Mas fotografias não permitem saber se Kim efetivamente tem os escudos térmicos e sistemas de amortecimento que permitem uma ogiva sair da atmosfera e reentrar violentamente antes de atingir seu alvo.

A pressão, o calor e a trepidação são enormes, podendo não só destruir a bomba, mas tirá-la de seu curso. Especialistas em armamentos nucleares são cautelosos, mas muitos dizem que a velocidade do desenvolvimento do programa nuclear e de mísseis norte-coreano talvez tenha ultrapassado suas previsões.

Seja como for, é uma detonação até seis vezes maior do que mais forte já feita pela ditadura de Kim até aqui, em setembro do ano passado. A mensagem é inequívoca: o Ocidente e seus aliados podem voar quantas missões de simulação de bombardeio e Trump pode esbravejar à vontade, mas nós chegamos a um ponto no qual os senhores terão de sentar à mesa conosco e nos reconhecer como uma potência nuclear.

Essa é a avaliação que o senso comum em relações internacionais permite. Pressupõe que Kim esteja seguro de suas novas capacidades ou blefando de forma a não ter sua mão de cartas desafiada pelo adversário.

Também parte da ideia de que a ditadura não é suicida e age racionalmente, como de fato toda sua trajetória até aqui sugere, apesar do fanatismo e das fotografias amalucadas do líder aos pulinhos com seus generais depois de disparar algum míssil ameaçando os vizinhos.

A análise também supõe racionalidade do lado de Trump, o rei da bravata virtual, mas que ainda tem uma grande estrutura com freios e contrapesos institucionais à sua volta para evitar algum movimento muito voluntarioso.

Assim, Kim colocou Trump contra a parede novamente. A retórica do "fogo e fúria" do americano, as sanções anunciadas (se serão cumpridas, isso é outra história) pela aliada China, toda a movimentação militar da Coreia do Sul e do Japão, nada disso deteve Pyongyang de dobrar a aposta ao longo de 2017. Foram 16 testes de mísseis, incluindo 2 que podem atingir os EUA em tese, ameaças diretas ao território japonês e, agora, sua sexta detonação atômica.

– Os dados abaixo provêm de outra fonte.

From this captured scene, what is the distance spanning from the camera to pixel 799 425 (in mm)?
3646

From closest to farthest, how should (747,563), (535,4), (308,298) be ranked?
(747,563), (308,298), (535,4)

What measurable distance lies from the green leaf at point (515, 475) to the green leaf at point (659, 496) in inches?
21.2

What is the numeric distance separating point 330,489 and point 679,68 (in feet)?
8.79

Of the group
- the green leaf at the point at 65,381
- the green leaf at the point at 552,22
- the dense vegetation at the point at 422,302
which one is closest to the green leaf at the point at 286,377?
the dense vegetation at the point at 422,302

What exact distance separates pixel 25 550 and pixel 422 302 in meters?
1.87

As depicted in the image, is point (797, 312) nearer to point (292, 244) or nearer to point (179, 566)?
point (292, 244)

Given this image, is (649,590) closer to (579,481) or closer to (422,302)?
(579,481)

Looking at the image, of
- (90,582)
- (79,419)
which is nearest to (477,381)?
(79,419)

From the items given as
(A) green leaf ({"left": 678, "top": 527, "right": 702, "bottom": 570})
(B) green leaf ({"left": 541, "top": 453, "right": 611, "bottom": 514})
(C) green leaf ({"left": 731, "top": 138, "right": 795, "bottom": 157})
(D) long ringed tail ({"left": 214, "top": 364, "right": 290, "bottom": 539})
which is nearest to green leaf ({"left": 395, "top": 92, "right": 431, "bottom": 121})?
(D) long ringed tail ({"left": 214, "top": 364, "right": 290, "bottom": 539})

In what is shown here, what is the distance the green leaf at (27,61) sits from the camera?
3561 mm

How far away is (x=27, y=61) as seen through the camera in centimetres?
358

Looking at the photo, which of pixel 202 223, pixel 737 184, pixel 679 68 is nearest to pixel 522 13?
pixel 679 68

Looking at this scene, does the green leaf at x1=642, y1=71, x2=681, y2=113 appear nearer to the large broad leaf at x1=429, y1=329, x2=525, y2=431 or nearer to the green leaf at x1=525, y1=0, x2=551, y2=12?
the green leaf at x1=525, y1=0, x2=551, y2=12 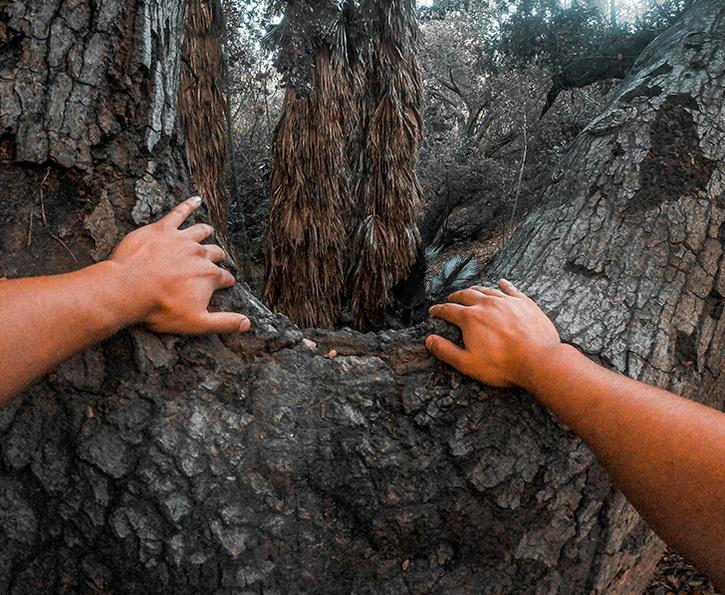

As condições objetivas para a escalada do conflito, irresoluto na península coreana desde 1953, estão colocadas. Todas as "linhas vermelhas" anunciadas foram ultrapassadas, restando agora saber se a sabedoria convencional irá prevalecer e Kim poderá cantar mais uma vitória ou Trump sairá do Twitter para a vida real. Neste caso, como é sabido, não há final feliz também, dada a falta de opções militares de baixo impacto.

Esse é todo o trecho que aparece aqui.